Le cloud appartient aux géants américains, c’est un fait. Plus encore, ces grands fournisseurs de cloud américains ont réussi le pari de s’implanter sur le marché européen. Le dernier rapport de Synergy Research Group indique que ce marché comprenant les différentes activités cloud (IaaS, PaaS et SaaS) est désormais cinq fois plus important qu'il ne l'était au début de 2017, atteignant 10,4 milliards d'euros au deuxième trimestre 2022. « Au cours de la même période, les fournisseurs de services européens ont augmenté leurs revenus du cloud de 167 %, mais leur part de marché est passée de 27 à 13 %, leur taux de croissance étant bien inférieur à la croissance globale du marché du cloud ». Et pour cause : les principaux bénéficiaires de la croissance du marché ne sont autre que Amazon, Microsoft et Google. Ces acteurs mondiaux de cloud représentent désormais à eux seuls 72 % du marché régional et leur part continue d'augmenter régulièrement. Derrière eux, on retrouve sans grande surprise IBM, Salesforce et Oracle.

Côté opérateurs européens, Synergy Research Group indique que SAP et Deutsche Telekom dominent, représentant chacun 2 % du marché européen, soit une part bien maigre face aux géants venus de l’autre côté de l’Atlantique. Ils sont suivis par OVHcloud, Telecom Italia, Orange et une longue liste d'acteurs nationaux et régionaux. Fort de ce constat, John Dinsdale, analyste en chef chez Synergy Research Group, n’hésite pas à pointer du doigt les qualités qui manquent aux entreprises européennes pour briller. « Le marché du cloud est un jeu d'échelle où les futurs dirigeants doivent placer d'énormes paris financiers, doivent avoir une vision à long terme des investissements et de la rentabilité, doivent maintenir une détermination ciblée pour réussir et doivent constamment atteindre l'excellence opérationnelle. Aucune entreprise européenne ne s'est approchée de cet ensemble de critères et le résultat est un marché où les six leaders sont tous des entreprises américaines », a-t-il déclaré.

Un marché qui explose

Au cours des quatre derniers trimestres, les revenus des services d'infrastructure cloud européens (y compris IaaS, PaaS et les services de cloud privé hébergé) ont totalisé plus de 27 milliards d'euros, en hausse de 41 % par rapport aux quatre trimestres précédents. Les services IaaS et PaaS représentent plus de 80 % du marché et ils connaissent également une croissance plus rapide que le plus petit segment de cloud privé hébergé ou géré. Une partie de la croissance la plus élevée est observée dans le PaaS avec des services de base de données, d'IoT et d'analyse.

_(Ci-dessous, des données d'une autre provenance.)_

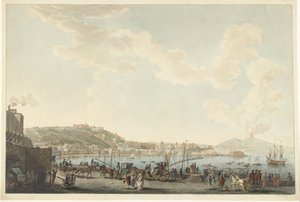 Napoli limanının görünümü by Cornelis Apostool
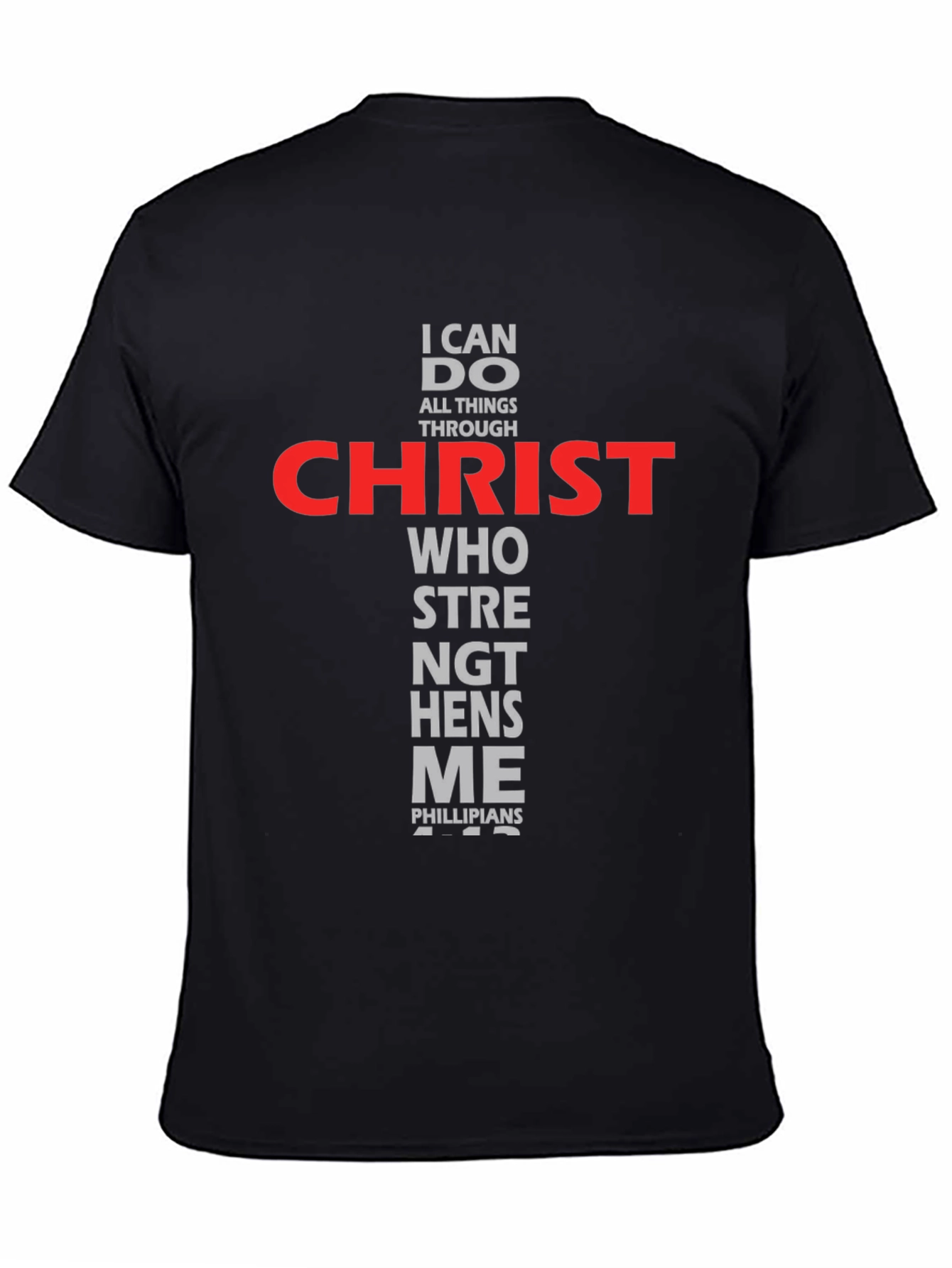 I Can Do All Things Through Christ Graphic Tee - 4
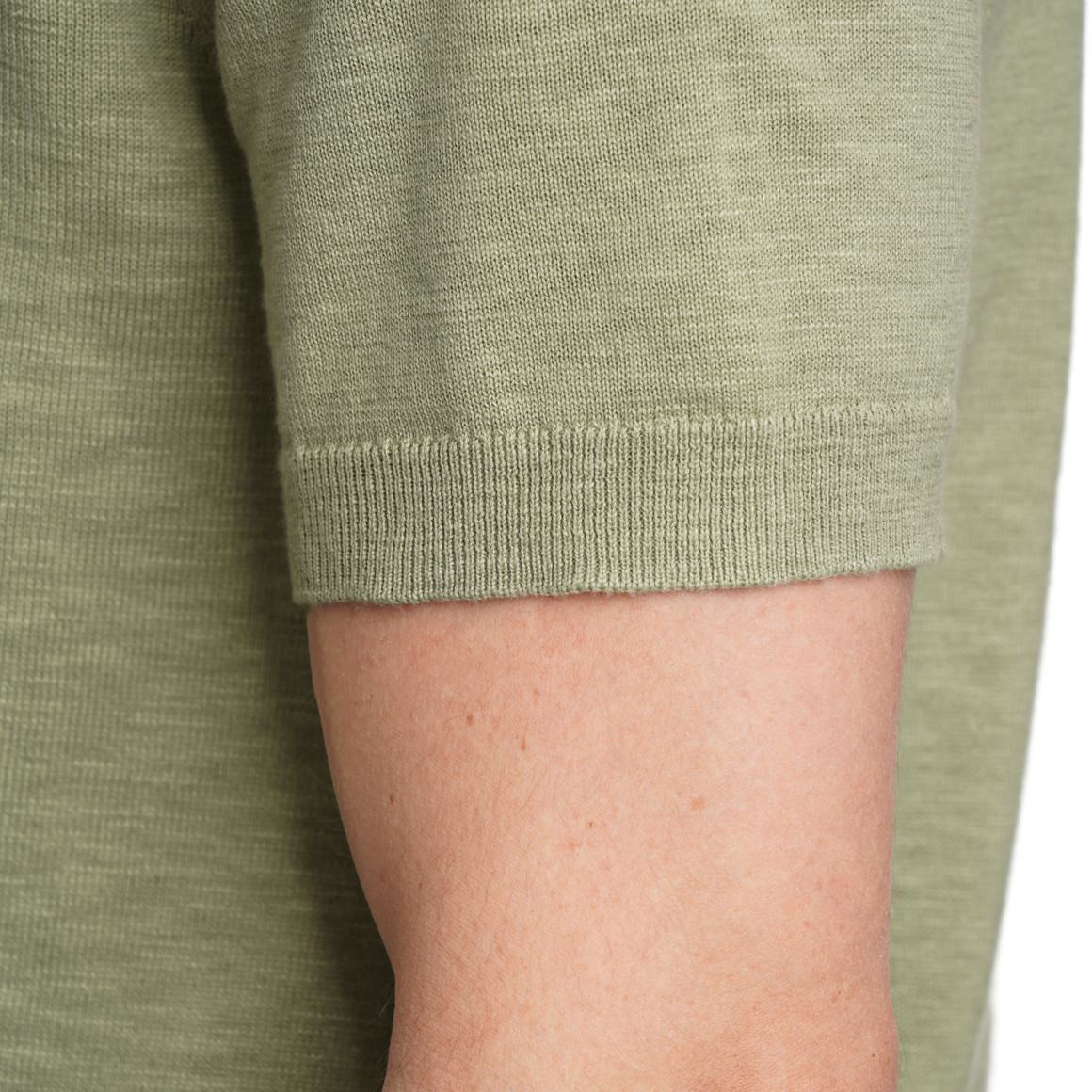 Herren Strick-Poloshirt aus Baumwolle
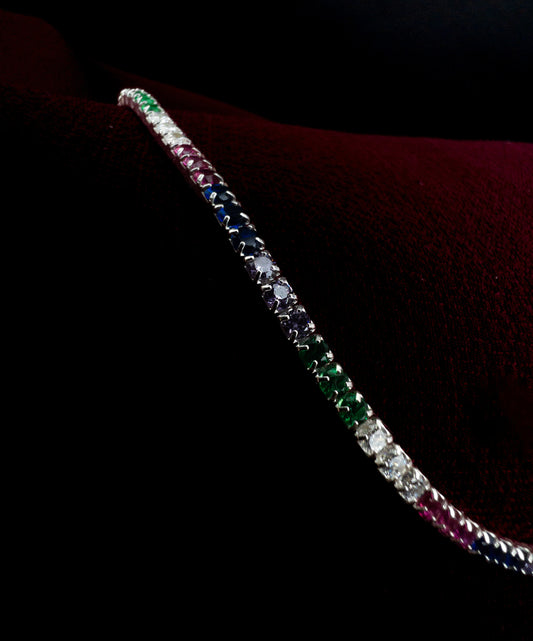 Colar Prata 925 - RIviera Colorida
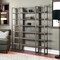 Homeroots Brown Nickel and Solid Wood Six Tier Bookcase 392228 - alternate 7
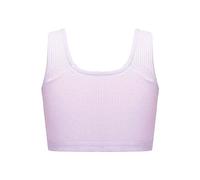 Aislor Reggiseno Casual per Bambina Tinta Unita Canotta Sportiva da Allenamento Ragazza Canottiera da Ballo Yoga Crop Top Viola 11-12 Anni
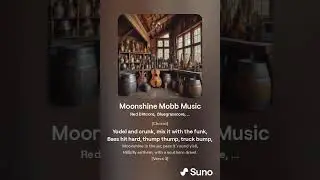 Moonshine Mobb Music #shorts #suno #reddirtcore #bluegrasscore #bumpkinboombap #yodelcrunk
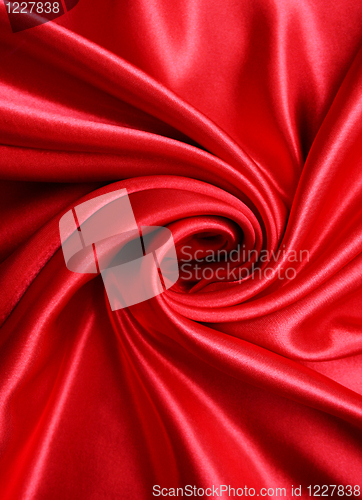 Image of Smooth Red Silk as background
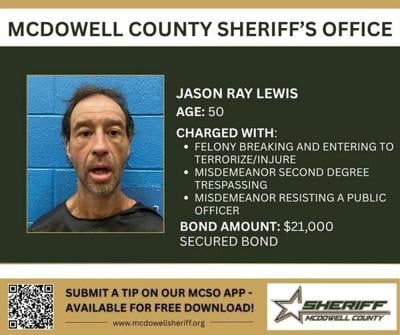 McDowell County man charged with kicking open front door of house
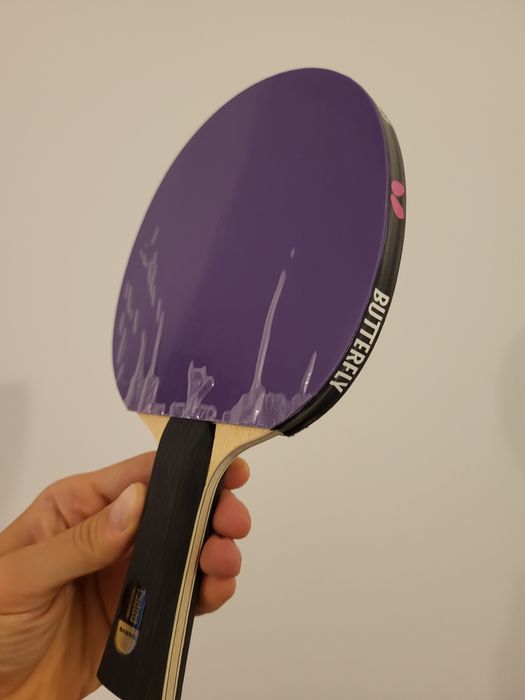 Paleta tenis de masa Ping Pong Sanwei+ Kokutaku | de Control și Spin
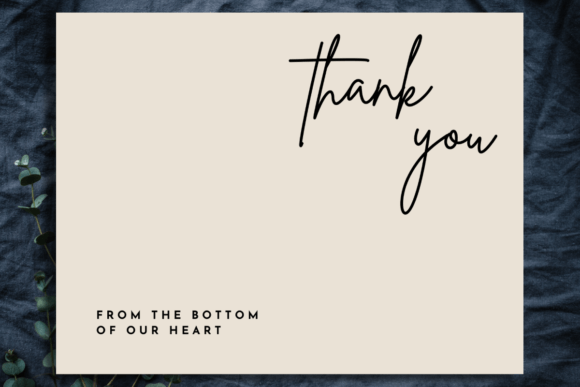 Minimalist Canva Thank You Card Template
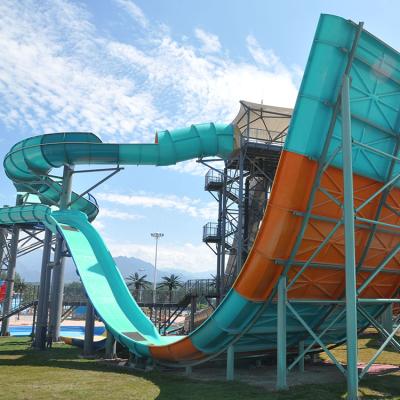 China Water Parks / Aqua Park / Outdoor Playground Customized Products Boomerango Water Slides Rides For Water Theme Park for sale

« Alors que les fournisseurs de cloud américains continuent d'investir plus de 4 milliards d'euros chaque trimestre dans des programmes d'investissement européens, cela représente une colline impossible à gravir pour les entreprises qui souhaitent sérieusement contester leur leadership sur le marché. Par conséquent, les acteurs européens se sont principalement installés dans des positions consistant à servir des groupes locaux de clients qui ont des besoins locaux spécifiques, travaillant parfois en tant que partenaires des grands fournisseurs de cloud américains » ajoute John Dinsdale. Ce dernier évoque les récentes initiatives ayant vu le jour comme Bleu (Microsoft avec Orange et Capgemini) et S3NS (Google Cloud avec Thales). Un moyen pour les opérateurs européens d’avoir une part du gâteau, aussi mince soit-elle, mais également de répondre aux demandes de certains secteurs – finance, défense, secteur public – ayant des besoins de gouvernance et de sécurité des données et ainsi jouer la carte de « cloud de confiance ». A noter également que l'Autorité de la concurrence a lancé une enquête sur le marché du cloud en France et que la Commission européenne a été sollicitée par une quinzaine d'acteurs européens contre les pratiques anti-concurrentielles des sociétés américaines.